■ **Directions for this task**: In the material below, find the line containing "Những món cá" and the line containing "Old Town Apartment", then reproduce exactly both of them and every line between, and nothing else.

■ **Given entries**:
-=-=-

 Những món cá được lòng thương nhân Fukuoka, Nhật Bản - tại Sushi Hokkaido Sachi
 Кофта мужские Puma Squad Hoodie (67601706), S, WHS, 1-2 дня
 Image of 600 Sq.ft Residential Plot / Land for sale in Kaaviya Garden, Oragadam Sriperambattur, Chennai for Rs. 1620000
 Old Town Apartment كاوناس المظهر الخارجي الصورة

-=-=-

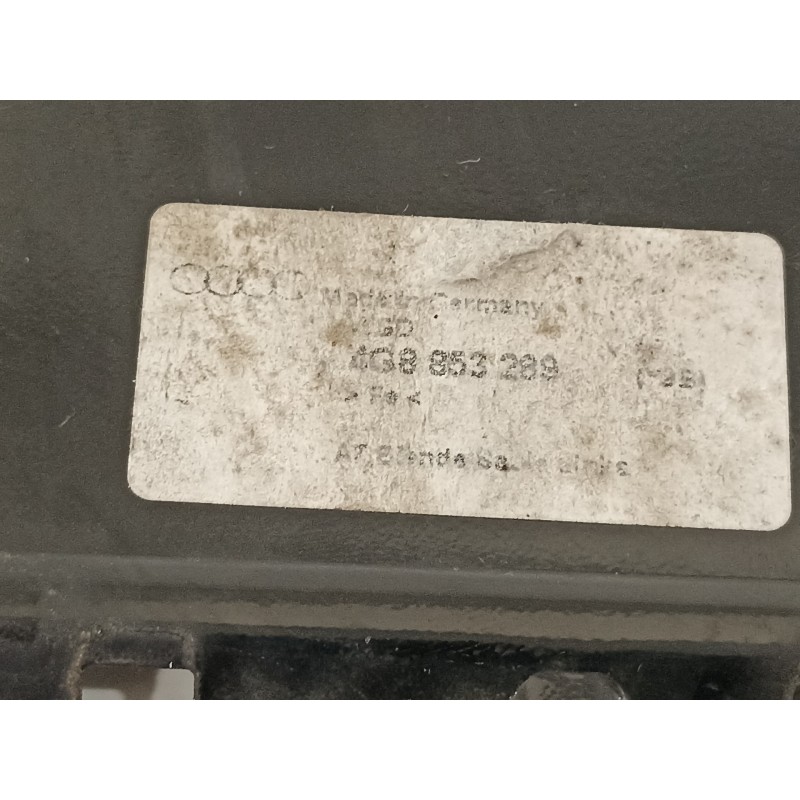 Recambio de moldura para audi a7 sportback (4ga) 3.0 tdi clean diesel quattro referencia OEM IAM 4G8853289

-=-=-

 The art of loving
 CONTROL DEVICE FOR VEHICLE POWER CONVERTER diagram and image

-=-=-

■ **Exercise answer**:
 Những món cá được lòng thương nhân Fukuoka, Nhật Bản - tại Sushi Hokkaido Sachi
 Кофта мужские Puma Squad Hoodie (67601706), S, WHS, 1-2 дня
 Image of 600 Sq.ft Residential Plot / Land for sale in Kaaviya Garden, Oragadam Sriperambattur, Chennai for Rs. 1620000
 Old Town Apartment كاوناس المظهر الخارجي الصورة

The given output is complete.